そして、今度は『想像』という言葉に焦点を当てて考えてみたんだ。誰かの想像が具現化しているんだって。まあ、それこそ馬鹿馬鹿しい考えだとは思うが、幻でもなく自然に起きたものでもないとすれば、俺にはこの説しか思い浮かばなかった」
「もし、仮にフータロー君の説が正しいとしたら、あの三角頭の怪物も誰かの想像ってことになるよね? 私……心当たりがあるんだ。私たちを狙う人物について」
「えっ、本当か!?」
「実はね、今のお父さんは、お母さんの再婚相手で、実の父親じゃないの」
「そういえば、五月から聞いたことがある。でも、それが今の状況と何の関係があるんだ?」
「その実の父親についてなんだけど……お母さんのお腹の中にいる子供が、私たち五つ子だとわかった途端に姿を消したの。たぶん、今もその罪悪感に苛まれてると思う。でも、あんな無責任な人のことだから……」
「待てよ……。まさか!」
「あの人は、私たちを消すことで罪から逃れようとしてるんだ。私たちの存在が鬱陶しくなって……」
「それで、この町に閉じ込めて、三角頭の怪物を生み出し、そいつにお前たち姉妹のことを始末してもらおうと願ったわけか……」
「フータロー君も追われているのは、きっと私たちに関わったからだと思う。さっき言った事実を知られるかもしれないと思って、フータロー君のこともターゲットに含んだんじゃないかな? フータロー君だけじゃなく、私たちに関わった人は全員……」
「そうだとすれば、親父やらいは(風太郎の妹)、それにマルオ(中野姉妹の「現在の」父)さんも対象になっているわけか。もし、ここにいたらみんなも三角頭の怪物に追われていたっていうのか!」
衝撃的な告白だった。まさか、中野姉妹の母親の再婚の背景にはそんな過去が絡んでいたとは。それはそうと、まったく無責任な奴だ。自分の子供の顔すら見てやらずに逃げ出すなんて。その上、存在が邪魔だから消そうと考える始末である。逆恨みもいいところだ。
三角頭の謎の核心に至った気がした。あの怪物が誰かの想像が具現化したものだとして、その想像の主が中野姉妹の実の父親だとしたら、今までの考察よりも遥かに筋が通っている。

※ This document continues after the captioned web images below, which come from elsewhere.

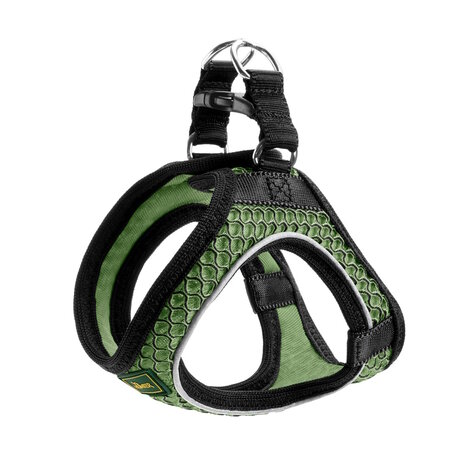 Harness Hilo Comfort 58-65/M Mesh pastel green with refl piping 1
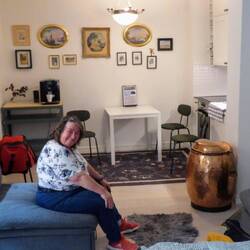 Unsere kleine Wohnung in der Altstadt von Stockholm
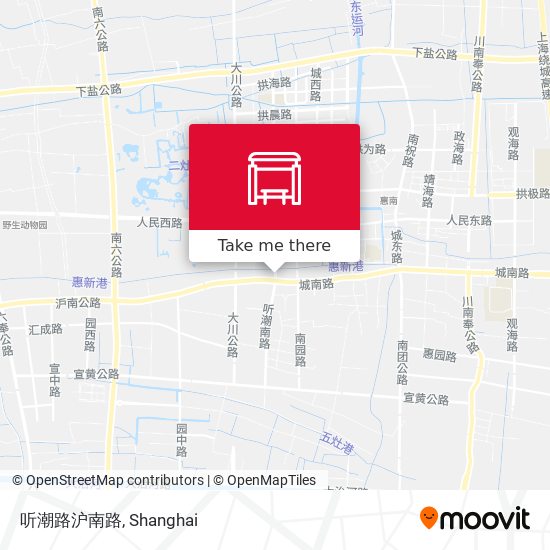 听潮路沪南路 map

アパートで風太郎を見逃したのは、中野姉妹の殺害を優先したかったからだろう。罪悪感の根本的な要因となる彼女たちを先に殺したがるのは、別におかしなことではない。
「三角頭の怪物の謎は解けた。あとは、町の異変自体のきっかけと他の化物のことも知れるといいが、たぶんレイクビュー・ホテルのテレビを見ればわかるだろう」
最も知りたかった謎が解決し、とりあえず一段落がついた。
三玖と五月を探して歩いている最中、四葉が口を開く。
「あの、三角頭の怪物についてなんだけど、実は私──」
「ぎゃああああああああああああああっ!」
四葉の言葉を遮って、耳をつんざくような悲鳴が鳴り響いた。
「今の声は、五月ちゃん!」
「まさか、あの怪物に! あっちから声が聞こえた。急ごう!」
三人は、五月の悲鳴が聞こえた所へと猛ダッシュした。五月が悪魔に襲われているのだ。スタミナの消耗など考える暇もなく走り続ける。途中で通せんぼしていたクネクネは、ライフルの一発で蹴散らしながら悲鳴の元へと急いだ。
クリーチャーの解説
・三角頭(追加情報)
①大きな槍を武器として持つ。
②二乃を殺した。
③正体は、中野姉妹の実の父親の妄想?(これまでの考察の中で最も信憑性が高い)
④中野姉妹を全員殺した後、彼女たちに関わった人間(主に風太郎)も殺そうとしている?